Montag, 25. Juli 2011

Szenario- Schritt 1: Umfeldanalyse

Die Umfeldanalyse besteht aus drei Teilschritten. Zum einen der Bestimmung des Szenariofeldes. Hier wird der Fokus auf den Kern der zu bearbeitenden Fragestellung gelenkt. Die Fragestellung wird näher umrissen und auf einen Zeitraum, einen Ort und einen bestimmten Inhalt gelegt.
Als zweiter Teilschritt folgt dann die Identifikation von Einflussfaktoren. Zunächst wird hierbei das globale Umfeld des Unternehmens untersucht, dann die Branche und zum Schluss das Unternehmen selbst. Zur besseren Strukturierung der Einflussfaktoren bietet sich eine STEEP-Analyse an. Dabei werden soziale, technische, ökonomische, ökologische und politische Faktoren unterschieden. Die Einflussfaktoren werden zugeordnet und in ihrer Wichtigkeit priorisiert. Dieser Schritt dient dazu, die wichtigsten Trend und Herausforderungen zu erkennen und abzubilden.
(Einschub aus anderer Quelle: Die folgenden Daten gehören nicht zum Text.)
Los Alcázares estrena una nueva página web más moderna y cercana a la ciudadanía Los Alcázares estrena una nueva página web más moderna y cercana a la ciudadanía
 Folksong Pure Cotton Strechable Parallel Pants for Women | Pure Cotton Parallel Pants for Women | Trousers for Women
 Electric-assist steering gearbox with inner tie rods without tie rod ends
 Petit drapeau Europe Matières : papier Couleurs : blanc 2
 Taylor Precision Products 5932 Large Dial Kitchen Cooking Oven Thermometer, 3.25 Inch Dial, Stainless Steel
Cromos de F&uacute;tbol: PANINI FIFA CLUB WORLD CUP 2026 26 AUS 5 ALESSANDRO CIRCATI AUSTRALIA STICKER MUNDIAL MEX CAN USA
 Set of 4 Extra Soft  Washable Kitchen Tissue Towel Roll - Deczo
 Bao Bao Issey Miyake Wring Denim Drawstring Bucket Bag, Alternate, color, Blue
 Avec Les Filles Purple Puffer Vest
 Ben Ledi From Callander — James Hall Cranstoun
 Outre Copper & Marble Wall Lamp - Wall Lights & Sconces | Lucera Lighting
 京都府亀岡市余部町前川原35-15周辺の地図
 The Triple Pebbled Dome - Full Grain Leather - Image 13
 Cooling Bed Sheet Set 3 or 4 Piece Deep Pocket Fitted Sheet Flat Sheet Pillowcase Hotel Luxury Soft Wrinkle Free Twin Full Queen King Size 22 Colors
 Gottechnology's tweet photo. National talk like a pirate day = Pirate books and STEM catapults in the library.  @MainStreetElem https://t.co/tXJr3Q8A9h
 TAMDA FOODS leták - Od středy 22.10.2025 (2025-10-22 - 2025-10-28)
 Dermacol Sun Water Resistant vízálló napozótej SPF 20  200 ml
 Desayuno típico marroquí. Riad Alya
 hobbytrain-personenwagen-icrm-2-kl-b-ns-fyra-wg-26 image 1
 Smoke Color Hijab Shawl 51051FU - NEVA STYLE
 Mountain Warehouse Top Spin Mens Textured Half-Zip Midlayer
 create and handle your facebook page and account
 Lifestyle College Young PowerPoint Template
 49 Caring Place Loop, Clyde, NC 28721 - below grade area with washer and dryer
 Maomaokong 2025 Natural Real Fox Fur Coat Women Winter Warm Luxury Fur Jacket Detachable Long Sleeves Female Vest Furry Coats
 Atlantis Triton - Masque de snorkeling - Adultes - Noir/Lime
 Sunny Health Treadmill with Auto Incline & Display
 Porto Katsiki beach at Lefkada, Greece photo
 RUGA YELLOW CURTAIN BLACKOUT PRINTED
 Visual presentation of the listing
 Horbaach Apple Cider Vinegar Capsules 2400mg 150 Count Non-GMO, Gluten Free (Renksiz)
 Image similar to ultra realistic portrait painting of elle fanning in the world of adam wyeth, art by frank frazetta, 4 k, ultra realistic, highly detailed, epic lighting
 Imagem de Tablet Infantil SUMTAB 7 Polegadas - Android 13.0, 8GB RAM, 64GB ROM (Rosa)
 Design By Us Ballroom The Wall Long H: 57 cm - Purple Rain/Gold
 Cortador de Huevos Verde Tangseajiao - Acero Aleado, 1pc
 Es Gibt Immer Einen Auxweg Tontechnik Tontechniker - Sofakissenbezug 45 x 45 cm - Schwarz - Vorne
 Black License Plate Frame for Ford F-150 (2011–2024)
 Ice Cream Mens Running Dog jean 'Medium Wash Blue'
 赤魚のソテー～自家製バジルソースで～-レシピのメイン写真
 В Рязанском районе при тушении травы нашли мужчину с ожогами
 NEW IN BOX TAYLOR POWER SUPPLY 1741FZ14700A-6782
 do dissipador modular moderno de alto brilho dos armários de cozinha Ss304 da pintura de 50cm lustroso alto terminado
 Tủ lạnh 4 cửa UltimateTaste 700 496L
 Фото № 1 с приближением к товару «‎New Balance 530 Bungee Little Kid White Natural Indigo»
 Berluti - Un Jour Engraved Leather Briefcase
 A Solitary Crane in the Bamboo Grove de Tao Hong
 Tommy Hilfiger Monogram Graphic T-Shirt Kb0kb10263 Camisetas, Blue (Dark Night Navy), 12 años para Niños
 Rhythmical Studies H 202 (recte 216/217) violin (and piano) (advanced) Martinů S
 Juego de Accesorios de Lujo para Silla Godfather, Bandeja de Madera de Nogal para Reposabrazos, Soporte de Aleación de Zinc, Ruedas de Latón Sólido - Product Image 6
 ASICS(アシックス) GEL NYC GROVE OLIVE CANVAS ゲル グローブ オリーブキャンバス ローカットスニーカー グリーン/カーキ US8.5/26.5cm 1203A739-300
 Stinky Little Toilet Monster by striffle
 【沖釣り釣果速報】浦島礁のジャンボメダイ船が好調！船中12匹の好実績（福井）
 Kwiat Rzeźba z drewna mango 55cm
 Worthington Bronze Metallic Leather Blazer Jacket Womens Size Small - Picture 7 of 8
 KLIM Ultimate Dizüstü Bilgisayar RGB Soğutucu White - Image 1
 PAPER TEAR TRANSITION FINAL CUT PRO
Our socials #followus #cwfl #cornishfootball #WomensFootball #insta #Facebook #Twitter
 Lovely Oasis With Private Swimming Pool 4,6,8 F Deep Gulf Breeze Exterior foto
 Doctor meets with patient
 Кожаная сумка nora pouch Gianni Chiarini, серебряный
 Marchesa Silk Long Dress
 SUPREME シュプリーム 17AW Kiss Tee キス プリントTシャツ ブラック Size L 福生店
Und zudem dazu, auch Akteure im eigenen Handlungsfeld und der Unternehmensumwelt zu erkennen.
Im dritten Schritt wird der Unternehmenskern untersucht. Das dient zur Schärfung des eigenen Profils und dazu, für die nächsten Schritte ein gleiches Verständnis bei allen Beteiligten zu schaffen. Wichtige Fragestellungen sind hierbei die zentralen Kundengruppe, deren Bedürfnisse und die eigenen Kernprodukte, Technologien oder Alleinstellungsmerkmalen.

Sonntag, 24. Juli 2011

Szenarioformen: explorativ, normativ und Strategie

Es können drei unterschiedliche Szenarioformen unterschieden werden. Zum einen normative Szenarien, Strategie- und Innovationsszenarien und explorative Szenarien. Alle Szenarien folgen einer ähnlichen Grundstruktur, haben jedoch verschiedene Kernfragen, die sich jeweils auszeichnen. So stellt ein normatives Szenario die Frage nach der „wünschbaren Zukunft“, und wie diese erreicht werden kann. Das Strategie- und Innovationsszenario hat verschiedene Optionen im Blick und stellt die Frage nach neuen Geschäftsfeldern und Entwicklungspotenzialen. Das explorative Szenario stellt die Frage nach „möglichen Zukünften“ und versucht, die Bedingungen und Wahrscheinlichkeiten herauszufiltern.